Même son de cloche chez John Gruber, personnalité influente du monde de la tech. « C’est une honte, à mon avis, que le chiffrement de bout en bout n’ait pas été un élément fondamental de la spécification RCS dès le départ », juge-t-il, avant de reconnaître être « surpris par le changement d’avis d’Apple sur ce point ». Fin de l’histoire ? Pas exactement.

Chiffrer, oui, mais comment et avec quoi ?

Il s’avère qu’il est possible d’ajouter des couches de sécurité supplémentaires, de façon à sécuriser encore plus le RCS. Y compris au niveau du chiffrement de bout en bout. Google l’a fait. On peut dire d’ailleurs que cela a été un déploiement en deux temps : d’abord le RCS, en 2019, puis le chiffrement de bout en bout, à partir de 2021, pour son application de messagerie.

Sur le principe, on ne peut que souhaiter qu’Apple suive Google et chiffre à son tour le RCS, et ne se limite pas à la version standard du protocole, dépourvu de cette couche essentielle de sécurité.
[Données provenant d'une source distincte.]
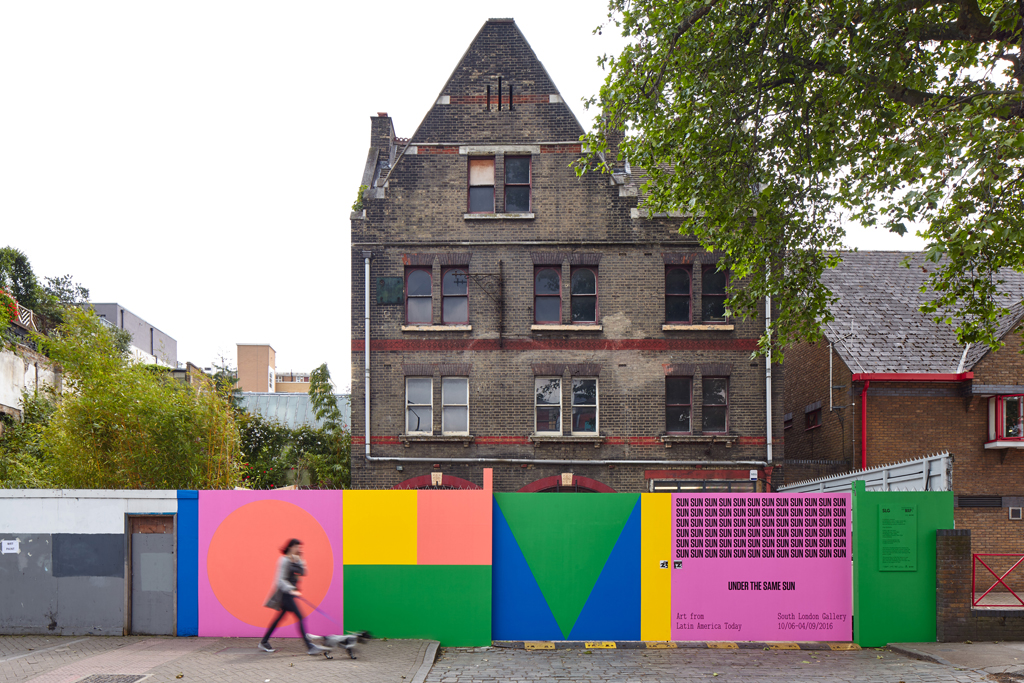 <p>View of the former Peckham Road Fire Station during <em>Under the Same Sun: Art from Latin America Today</em>, 2016. Courtesy: Solomon R. Guggenheim Foundation and the South London Gallery. Photo: Andy Stagg</p>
Surtout face à un Google qui, lui, peut se targuer de protéger au maximum les messages (de fait, iMessage fournit aussi du chiffrement de bout en bout, mais uniquement entre applications iMessage).

Mais il y a un hiatus. Apple pourrait aussi faire un déploiement en deux temps, avec une première prise en charge du RCS, tel quel, puis aller vers le chiffrement de bout en bout du RCS. Le problème réside dans la nature et les conditions de déploiement de ce chiffrement de bout en bout. Si des solutions existent, elles ne conviennent pas à l’entreprise américaine.

C’est ce que résume Lance Ulanoff : « Apple affirme qu’elle ne prendra pas en charge les extensions propriétaires visant à ajouter le chiffrement de bout en bout au RCS et espère, au contraire, travailler avec l’association GSM [à l’origine du RCS, NDLR] pour ajouter la cryptographie à la norme ». Une position que comprend aussi Josh Gruber.

Les nouveaux messages d'iMessage sur iOS 16 // Source : Capture d'écran Numerama
Les nouveaux messages d’iMessage sur iOS 16 // Source : Capture d’écran Numerama

« Je ne suis pas non plus surpris qu’Apple n’ait pas l’intention de prendre en charge les extensions propriétaires de Google au RCS qui permettent le chiffrement de bout en bout ». Il ajoute ensuite que « si Apple doit prendre en charge RCS, elle doit le faire selon les spécifications, et non selon la version propriétaire de Google ». Bref, pas question d’être dans la main de son rival.

Voilà donc où on en est, à date : Apple a annoncé prendre en charge un standard plus intéressant que le SMS, mais qui n’a pas été pensé initialement avec le chiffrement de bout en bout. Il le fait en partie parce que l’Union européenne défend des enjeux d’interopérabilité compréhensibles. Mais il n’y a pas de garantie que le support du RCS par Apple changera sur le chiffrement.

Il existe certes des solutions pour ajouter cette protection dans son implémentation du RCS, mais dont Apple ne veut pas. Cela étant, il reste l’option de la pression au niveau de l’association GSM, pour combler la faiblesse principale du Rich Communication Services. Toute la question est de savoir si ce standard sera bien mis à jour et, le cas échéant, quand.